Significant findings are:

High-frequency words should have a high rate of repetition.
Clay, 2002; Elley, 1989; Hargis, Terhaar-Yonkers, Williams, and Reed, 1988; Helman and Burns 2008; Hiebert, Brown, Taitague, Fisher, and Adler, 2004; Fry, and Kress, 2006.

Key vocabulary needs to be controlled and introduced systematically.
Hiebert and Sailors 2009; Helman and Burns, 2008; Mesmer and Cumming, 2009.

A variety of text types enable the development of a range of reading strategies.
Duke and Buillman, 2009; Derewianka, 1990.

Reading and writing are linked.
Derewianka, 1990; Paquette, 2007; McCarrier, Fountas and Pinnell, 2000.

Text difficulty should be carefully sequenced to build reading strategies.
Clay, 2002; Fountas and Pinnell, 2006.

Phonics and phonemic awareness need to be taught systematically and explicitly.
Ehri, Nunes, Stahl, and Willows, 2001; Torgerson, Brooks, and Hall, 2006; Paris, 2005.

Fluency enhances comprehension.
Pressley, Gaskins, and Fingeret, 2006; Rasinsky, 2006.

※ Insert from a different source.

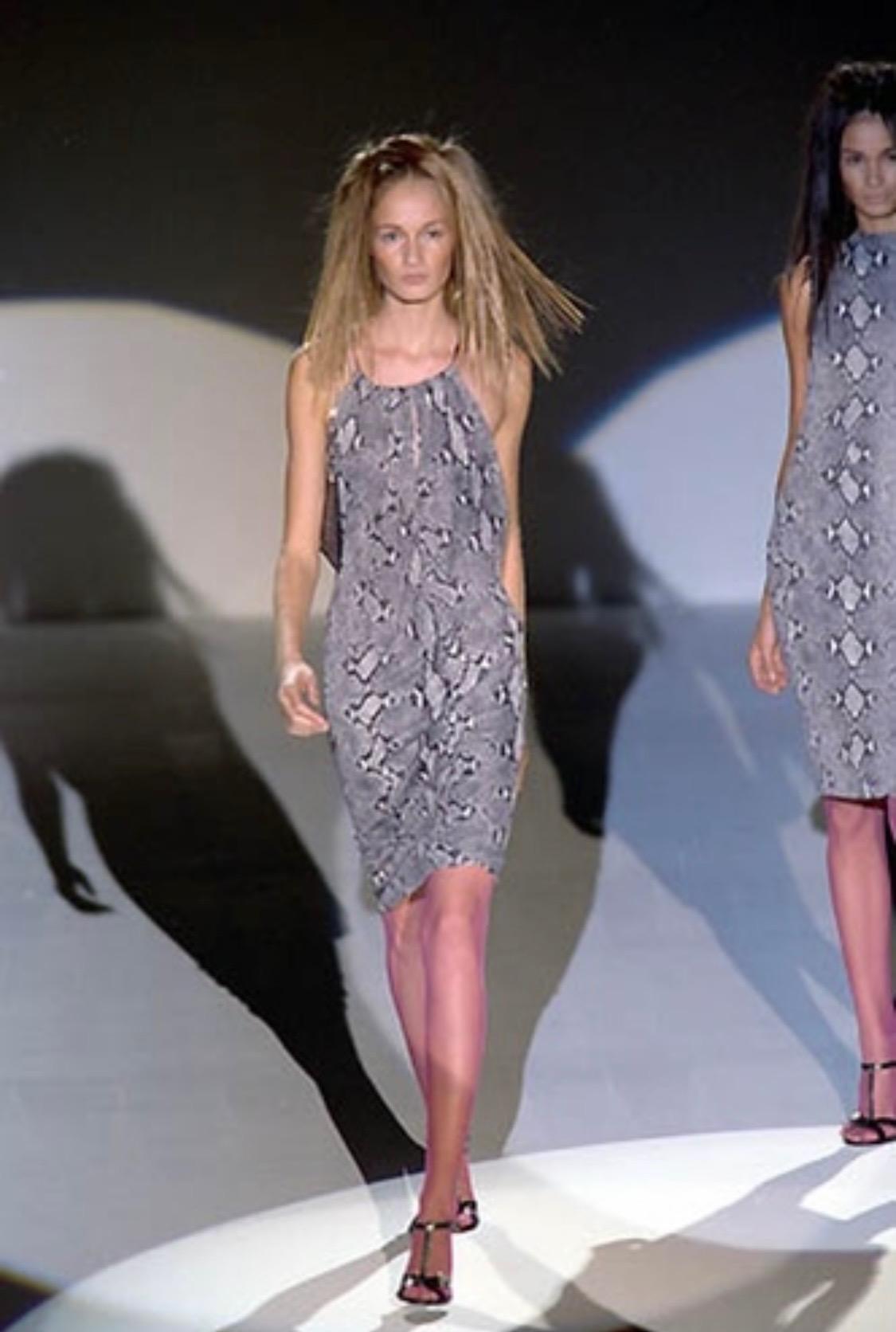 Presenting a plunging neckline snake print viscose dress designed by Tom Ford for Gucci. This piece debuted in grey as look number 2 on Danita Angell for the Spring/Summer 2000 runway collection, which Ford described as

Assessment should be ongoing and should inform instruction.
Snow and Van Hemel, 2008.

How Flying Start to Literacy applies the research findings reflecting best teaching practice.

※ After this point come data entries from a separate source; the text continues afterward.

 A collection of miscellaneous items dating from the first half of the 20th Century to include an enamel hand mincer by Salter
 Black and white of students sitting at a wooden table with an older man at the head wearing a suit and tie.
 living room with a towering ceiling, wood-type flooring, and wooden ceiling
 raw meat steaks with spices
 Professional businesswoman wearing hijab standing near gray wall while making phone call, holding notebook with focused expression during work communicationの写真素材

Key vocabulary needs to be controlled and introduced systematically.
• Connected, paired books revisit key vocabulary in different text types.

High-frequency words should have a high rate of repetition.
• Connected, paired books present the same high-frequency words in different sentence structures and contexts.

A variety of text types enable the development of a range of reading strategies.
• Text types with different structures and text features build reading strategies.

Text complexity should be carefully sequenced to build reading strategies.
• Flying Start to Literacy is sequenced into 7 Developmental stages and Guided Reading Levels A-P™.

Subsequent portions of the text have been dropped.